Models, Open Letters, Prototypes, Supplements
April 28–June 25, 2017
Viale Alemagna, 6
20121 Milan
Italy
Triennale di Milano presents Christopher Williams: Models, Open Letters, Prototypes, Supplements, curated by Pia Bolognesi and Giulio Bursi, with the artistic direction of Edoardo Bonaspetti, curator of Triennale Arte.
Produced within an engagement with the form of the “open letter”—an instrument deployed to give public form to private discourse—Models, Open Letters, Prototypes, Supplements is the first major solo museum exhibition by Christopher Williams since his series of retrospectives entitled The Production Line of Happiness (The Art Institute of Chicago; MoMA, New York; Whitechapel Gallery, London; 2014–15).

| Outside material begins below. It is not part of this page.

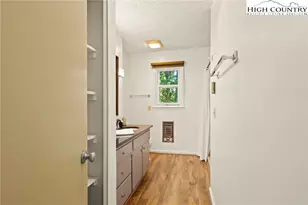 202 Cliffside Ln, Seven Devils, NC 28604 - Photo 22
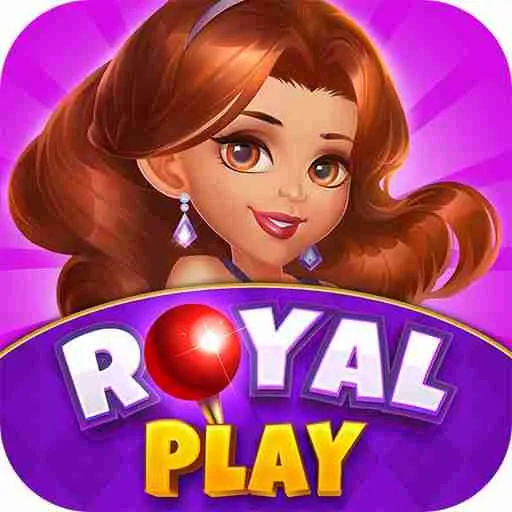 ROYALPLAY - Pengalaman Live Casino Terbaik di Ujung Jari Anda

A leading figure of the second generation of American Conceptual Art, Williams studied at the California Institute of the Arts in the late 1970s, under such artists as Michael Asher, John Baldessari, Douglas Huebler and Morgan Fisher, and has since developed an artistic practice that investigates photographic apparatus functions, structures, and rules through simultaneous engagement with other artistic media: film and video, sculpture, collage, performance, and printed matter.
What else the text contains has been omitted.